To investigate the metal dependence of MettL16 methylation activity, we purified recombinant full-length MettL16 (Fig. 4A) and performed the enzyme assays using the first hairpin of the MTA2A 3’ UTR, as previously used in the structural characterization (48), under three different buffer conditions side by side. The target sequence of MettL16 in the 3’ UTR of MAT2A mRNA is well conserved among the Mammalia, as previously noted (36, 37) (Fig. 4B). MettL16 exhibited the highest activity in the absence of divalent metal ions (buffer 3), showed decreased activity at 10 mM MgCl2 (buffer 2), and had only barely detectable activity at 50 μM ZnCl2 (buffer 1) (Fig. 4C). Next, we further investigated the inhibitory effect of zinc ion at two different concentrations (50 μM and 10 mM), together with other divalent metal ions (Mn2+, Mg2+, and Ca2+) (Fig. 4D). Zinc had the most deleterious effect, manganese (Mn) yielded significant inhibition at 10 mM, whereas magnesium (Mg) and calcium were tolerated. Nevertheless, no metal ions are required for MettL16 activity. It is not clear if the Zn effect is on the enzyme itself (50) or the RNA substrate—metal ions can have substantial effects on RNA conformation (51). We note that there is no metal binding site(s) identified in the structures of MettL16 bound to either RNA or SAH. Similarly, we find that zinc also inhibits the activities of PCIF1 and MettL5-Trm112 (Figs. 1H and 3H).

Figure 4.

Figure 4

Activity of MettL16 on MTA2A 3’ UTR RNA hairpin.A, example of purified recombinant MettL16 used in the study (12% SDS PAGE with Coomassie blue staining). B, the first hairpin of the conserved 3’ UTR of MAT2A mRNA sequences. Shown are the synthetic substrate used (methylated A in red) and the orthologous sequences from other Mammalia. Highlighting indicates difference from the human sequence. C, MettL16 activities, presented as the formation of byproduct SAH concentration per enzyme molecule [SAH]/[E] in a bioluminescence assay, under three different buffer conditions. D, effect of divalent metal ions on MettL16 activity under buffer 3 condition. E and F, MettL16 has a broad pH range (panel E) under 50 mM NaCl and higher activity between 200 and 500 mM NaCl (panel F) under pH 8. G, MettL16 uses a random sequential reaction, in terms of the order of binding two substrates. H, reaction time 10 to 30 min is within a linear range for varied RNA concentrations. I, MettL16 has a Km value of >0.4 mM for SAM, which is very large for MTases. J, MettL16 has a Km value of ∼10 μM for RNA. The dependence of the velocity of product SAH formation, per enzyme molecule, on substrate concentration was analyzed according to the Michaelis–Menten equation. K, comparison of MettL16 activity on RNA hairpin at 37 °C and room temperature (∼22 °C).

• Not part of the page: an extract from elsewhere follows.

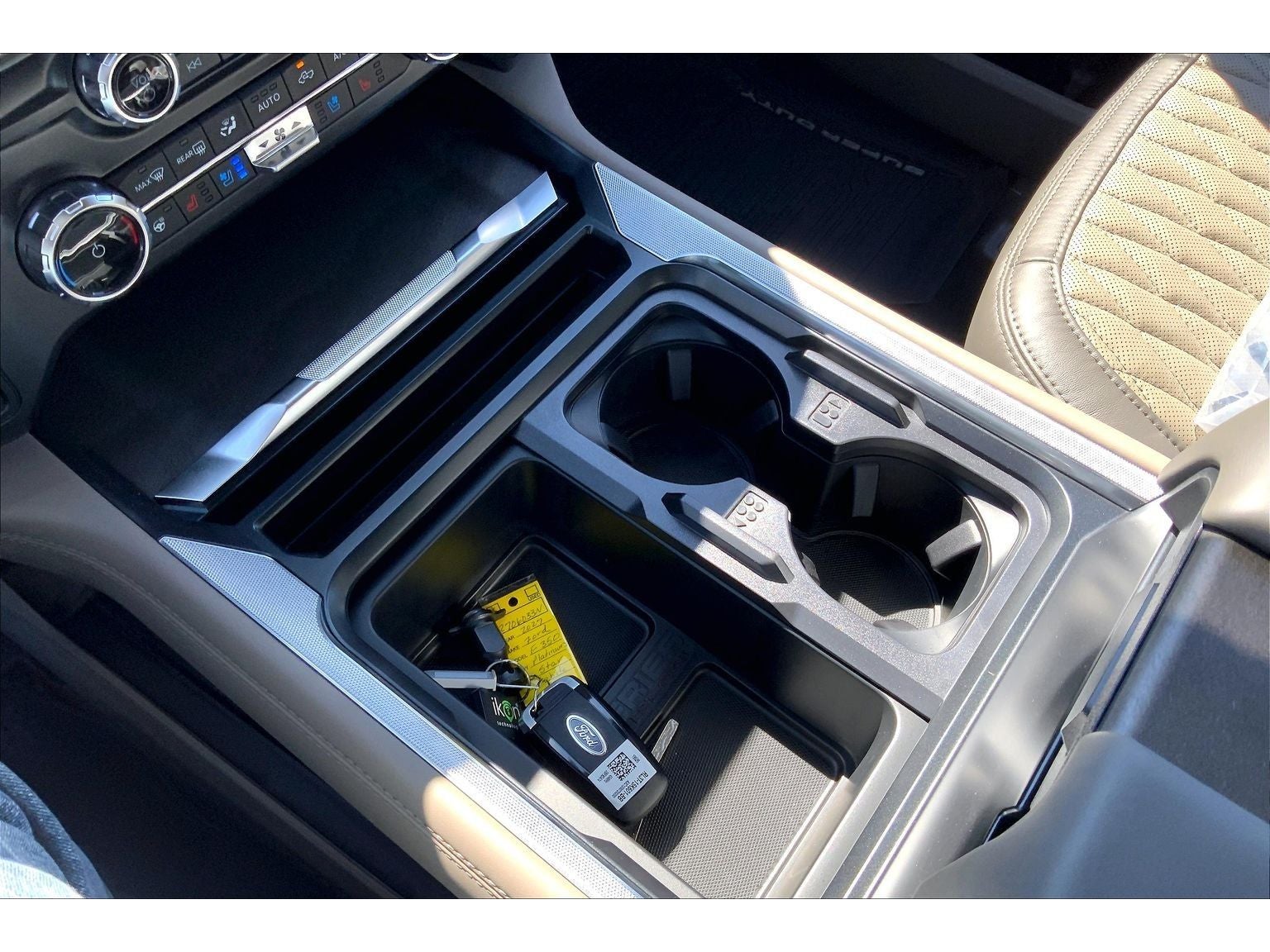 2027 Ford F-350 Super Duty Platinum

MettL16 has a broad pH optimum range (5.4–9.4), with only slightly higher activity at pH 8.0 (Fig. 4E). Unlike MettL5 (optimum <50 mM NaCl) and PCIF1 (optimum <200 mM NaCl), MettL16 has a relatively higher activity over a range of 200 to 500 mM NaCl with a small rise of activity at 400 mM NaCl (Fig. 4F). Furthermore, MettL16 may use a random sequential reaction mechanism, in which the binding order of two substrates (SAM and RNA) does not matter (Fig. 4G). Next, we tested that the reaction time we used (10–30 min) is within a linear range for varied RNA concentrations (Fig. 4H). Importantly, under the optimized laboratory conditions (pH 8.0, 400 mM NaCl and t = 20 min), MettL16 has a nearly linear relationship with the concentration of SAM in the range of concentrations tested (up to 0.4 mM; i.e., Km > 0.4 mM for SAM; Fig. 4I). This linearity is in contrast with the hyperbolic relationships observed for PCIF1 (Fig. 1E) and MettL5 (Fig. 3E), both of which have a Km value of ∼1 μM for SAM. In addition, MettL16 also has a high Km value for RNA (∼10 μM; Fig. 4J). Although unusual for a SAM-dependent enzyme-catalyzed methylation reaction, the nearly linear relationship between the rate of reaction and the SAM concentration reflects the specific function of MettL16 in regulating intracellular SAM concentration. Specifically, as noted above, higher SAM concentration leads to higher MettL16 turnover on MAT2A pre-mRNA, reducing the lifetime of the MettL16-RNA complex, in turn resulting in less splicing and more degradation of MAT2A mRNA, and ending in reduced SAM synthetase levels and reduced SAM biosynthesis.

Discussion

To date, considerable efforts have been made to develop therapeutic agents targeting SAM-dependent MTases, abnormal activities of which underlie the pathology of various diseases, including cancer, diabetes, and Alzheimer’s syndrome (52). High-throughput compound screening is a powerful method to identify initial hits and the inhibitor selectivity against one particular target over a panel of MTases is an important initial step for further optimization. Given the variation in optimal reaction conditions reported here, we suggest that optimizing assay conditions for individual MTases (whether the target enzyme or control enzymes) is an essential step in reducing false-positive or -negative hits (53). Here we demonstrated that three human RNA MTases have both common and unique reaction preferences and kinetic parameters in vitro.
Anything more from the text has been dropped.